Mais Maria ne s’en remet pas et cherche une parade à ce traumatisme, et à sa solitude, dans la drogue. Elle poursuit vaille que vaille une carrière exigeante, tourne avec Rivette, Comencini, tout en refusant farouchement, quarante ans avant #MeToo, d’obéir quand des cinéastes souhaitent la faire tourner nue. Cette insoumission la marginalise.

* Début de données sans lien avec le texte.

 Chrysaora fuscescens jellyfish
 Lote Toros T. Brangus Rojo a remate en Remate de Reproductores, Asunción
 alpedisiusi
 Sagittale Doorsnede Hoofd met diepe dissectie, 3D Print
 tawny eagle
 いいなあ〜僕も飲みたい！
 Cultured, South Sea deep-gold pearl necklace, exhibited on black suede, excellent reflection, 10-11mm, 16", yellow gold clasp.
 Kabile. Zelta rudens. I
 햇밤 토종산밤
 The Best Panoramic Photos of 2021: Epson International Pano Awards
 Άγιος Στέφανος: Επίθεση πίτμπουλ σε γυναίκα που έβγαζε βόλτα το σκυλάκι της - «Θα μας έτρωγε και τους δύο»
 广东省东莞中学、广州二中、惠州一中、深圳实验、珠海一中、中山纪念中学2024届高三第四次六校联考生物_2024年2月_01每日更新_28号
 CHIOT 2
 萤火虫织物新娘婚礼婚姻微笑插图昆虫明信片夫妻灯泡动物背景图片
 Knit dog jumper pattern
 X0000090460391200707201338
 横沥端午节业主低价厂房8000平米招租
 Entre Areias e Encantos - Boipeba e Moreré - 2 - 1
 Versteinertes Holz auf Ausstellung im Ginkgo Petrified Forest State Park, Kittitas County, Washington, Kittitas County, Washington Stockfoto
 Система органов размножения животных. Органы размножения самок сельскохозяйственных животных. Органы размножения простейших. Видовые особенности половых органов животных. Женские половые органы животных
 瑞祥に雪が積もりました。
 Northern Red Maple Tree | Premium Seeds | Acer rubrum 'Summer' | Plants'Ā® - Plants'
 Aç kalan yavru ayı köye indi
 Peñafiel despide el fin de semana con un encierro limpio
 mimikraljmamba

Bouleversante Anamaria Vartolomei
Adapté d’un livre de la journaliste Vanessa Schneider, sa cousine, le deuxième long métrage de Jessica Palud est d’une facture classique, et flirte avec le didactisme dans certaines scènes. Mais quelle force ! Difficile de ne pas être ému et révolté. La cinéaste a choisi une mise en scène simple, frontale, indexée sur le point de vue de Maria, pour décrire, au-delà de son personnage, un système où les femmes se heurtent au mur du pouvoir et du silence. Elle raconte le cinéma d’avant #MeToo, confirme que s’agissant du statut des actrices, on revient de loin, de très loin.
L’impact de « Maria » doit beaucoup à l’incarnation d’Anamaria Vartolomei, bouleversante de fragilité et de droiture. Elle avait impressionné dans « L’Événement », d’Audrey Diwan, va vous épater dans « Le Comte de Monte-Cristo », qui sort fin juin. À 25 ans, ce talent brut est en train de s’installer solidement dans le cinéma français. Dans « Maria », elle est le visage de l’innocence meurtrie.
« Maria » de Jessica Palaud. Durée : 1 h 40. Sortie le 19 juin.